Francesco ha parlato anche di diritti umani, assegnando una funzione pubblica ai leader religiosi in nome della civiltà dell’incontro

Interessante, in tal senso, anche il passaggio del discorso pronunciato ad Al Azhar di fronte ai capi religiosi, relativo al rapporto tra violenza e uso distorto della fede, nel quale il papa ha detto tra l’altro: “Insieme affermiamo l’incompatibilità tra violenza e fede, tra credere e odiare. Insieme dichiariamo la sacralità di ogni vita umana contro qualsiasi forma di violenza fisica, sociale, educativa o psicologica. La fede che non nasce da un cuore sincero e da un amore autentico verso Dio misericordioso è una forma di adesione convenzionale o sociale che non libera l’uomo ma lo schiaccia. Diciamo insieme: più si cresce nella fede in Dio più si cresce nell’amore al prossimo”.

Un discorso che certamente riguarda l’estremismo fondamentalista ma che assegna più in generale un ruolo ben preciso alla leadership religiosa, quello di non chiudersi in un integralismo assolutizzante e di rifiutare in ogni caso la violenza, in tutte le sue forme. Di nuovo sembra che le parole del papa si allarghino a diverse realtà del Medio Oriente e alle sue innumerevoli vittime. Per questo ad Al Azhar Francesco ha parlato anche di diritti umani, assegnando ancora una funzione pubblica ai leader religiosi in nome della civiltà dell’incontro. Non a caso su questa stessa strada si sta muovendo il grande imam al Tayeb promuovendo il principio di cittadinanza – ovvero i diritti civili – nel mondo islamico, facendo emergere, finalmente, sia pure un pezzo per volta, uno schieramento musulmano non solo moderato, come si dice, ma riformatore.

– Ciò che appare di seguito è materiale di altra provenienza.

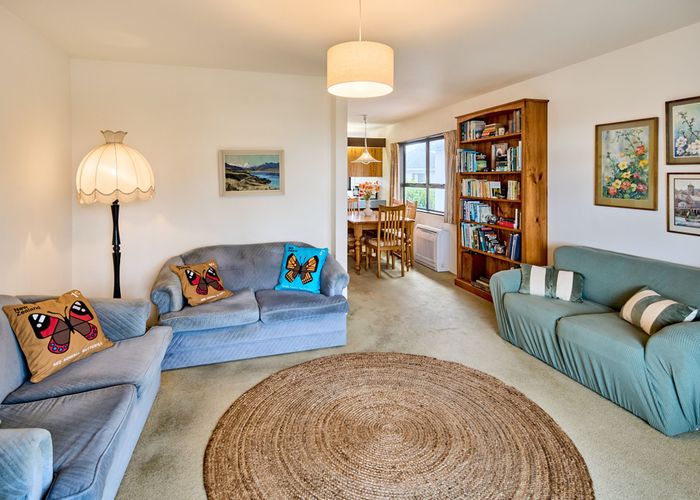 at 13 Tamahine Street, Maupuia, Wellington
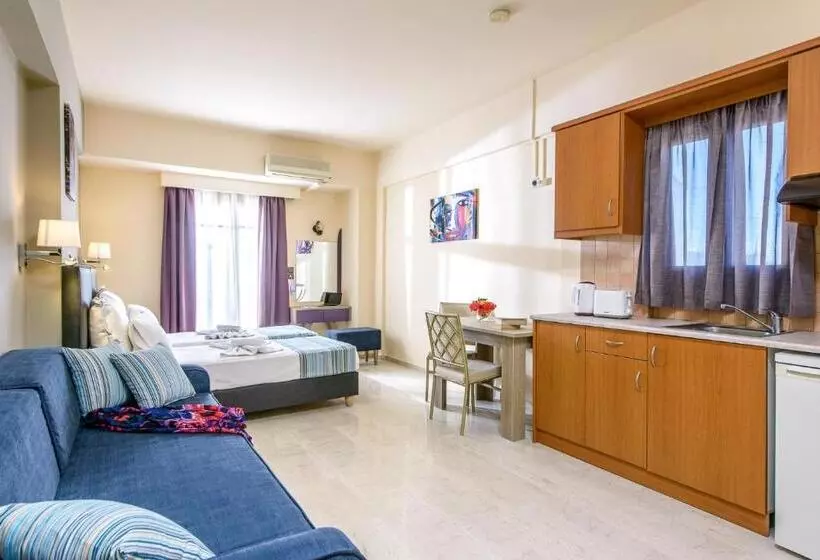 Отель Kleanthi Apartments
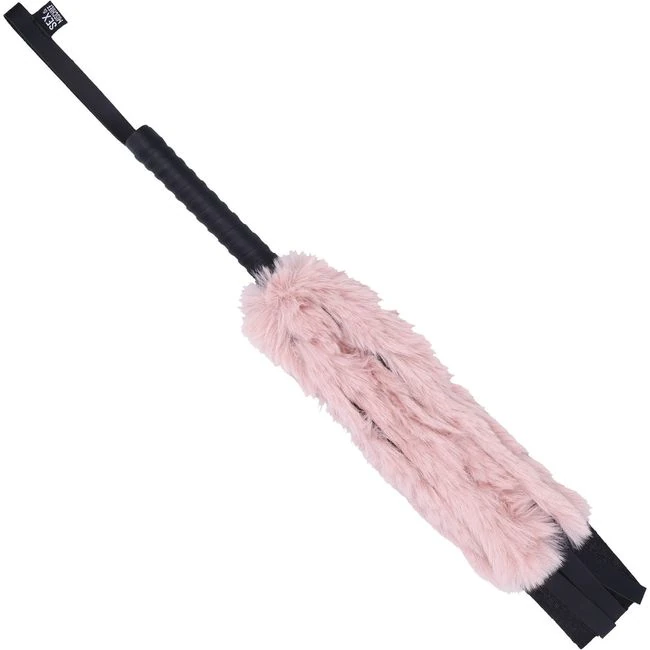 Sex & Mischief Brat Faux Fur Flogger - Comfort & Fit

Infine Francesco ha abbracciato i fratelli cristiani e papa Tawadros II, i copti vittime del terrore; ma in generale Bergoglio ha voluto mettere in luce che le comunità cristiane non sono minoranze sottomesse o tollerate in Egitto, ma componenti essenziali, vitali e storiche della cultura della storia e del presente del paese, un pezzo vivo di quel poliedro sociale, politico e religioso di cui è portatore l’Egitto e che spesso viene rimosso nell’informazione-lampo su stragi e conflitti di cui ci nutriamo fin troppo facilmente.
Prima l'uomo poi caso mai anche gli idoli e solo quelli che favoriscono la vita e non la morte; Dio invece è un'altra cosa sia dall'uomo che dai suoi idoli.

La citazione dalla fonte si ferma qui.